TASK OBJECTIVE: In the data below, begin at the line with "She's Closet(シーズクローゼット)の「半袖 オーバーサイズ" and stop after the line with "Mexen Velar L"; output those lines exactly and no pictures.
====== SOURCE RECORDS ======
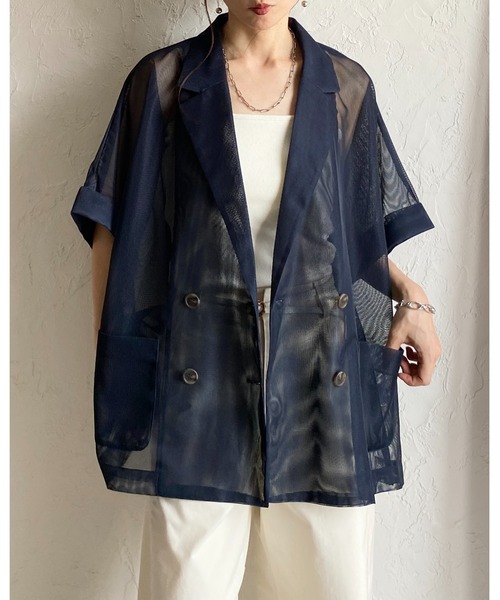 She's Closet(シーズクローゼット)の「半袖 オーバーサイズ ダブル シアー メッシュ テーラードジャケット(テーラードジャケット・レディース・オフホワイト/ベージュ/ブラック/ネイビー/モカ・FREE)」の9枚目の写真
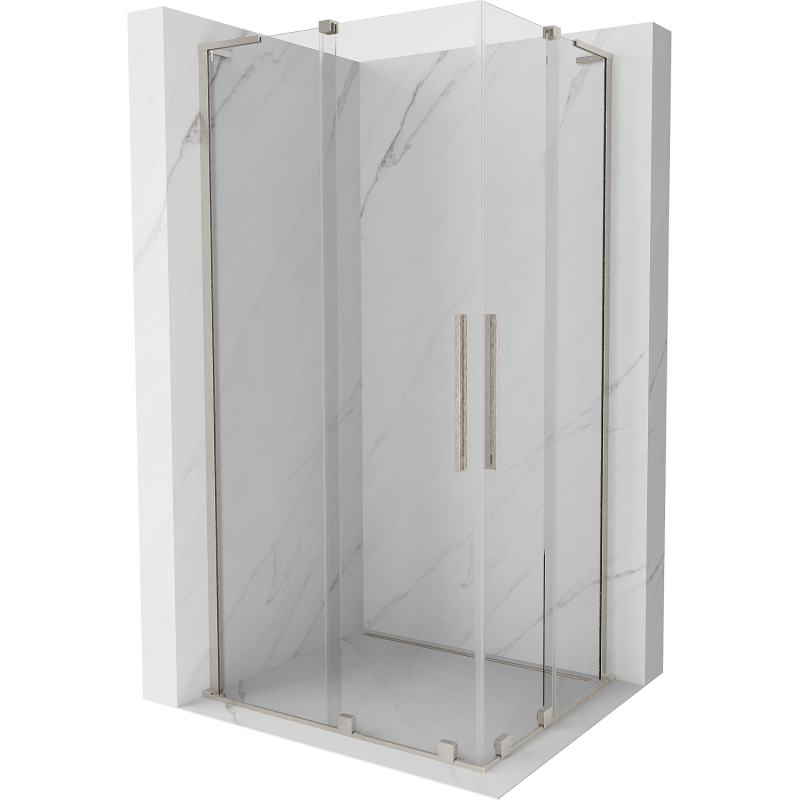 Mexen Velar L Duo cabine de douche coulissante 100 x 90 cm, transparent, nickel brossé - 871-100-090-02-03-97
======
====== SOURCE RECORDS ======
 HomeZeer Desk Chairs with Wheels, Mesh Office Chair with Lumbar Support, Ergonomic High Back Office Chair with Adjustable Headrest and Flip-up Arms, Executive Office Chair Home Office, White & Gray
======
FINISHED EXERCISE:
 She's Closet(シーズクローゼット)の「半袖 オーバーサイズ ダブル シアー メッシュ テーラードジャケット(テーラードジャケット・レディース・オフホワイト/ベージュ/ブラック/ネイビー/モカ・FREE)」の9枚目の写真
 Mexen Velar L Duo cabine de douche coulissante 100 x 90 cm, transparent, nickel brossé - 871-100-090-02-03-97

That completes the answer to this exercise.